▸ Data shown:
· · · ·

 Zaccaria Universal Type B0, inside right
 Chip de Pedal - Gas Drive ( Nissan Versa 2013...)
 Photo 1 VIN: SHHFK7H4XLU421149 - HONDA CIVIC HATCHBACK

· · · ·

In full and without error, transcribe the listing.

▸ Response to this task:
 Zaccaria Universal Type B0, inside right
 Chip de Pedal - Gas Drive ( Nissan Versa 2013...)
 Photo 1 VIN: SHHFK7H4XLU421149 - HONDA CIVIC HATCHBACK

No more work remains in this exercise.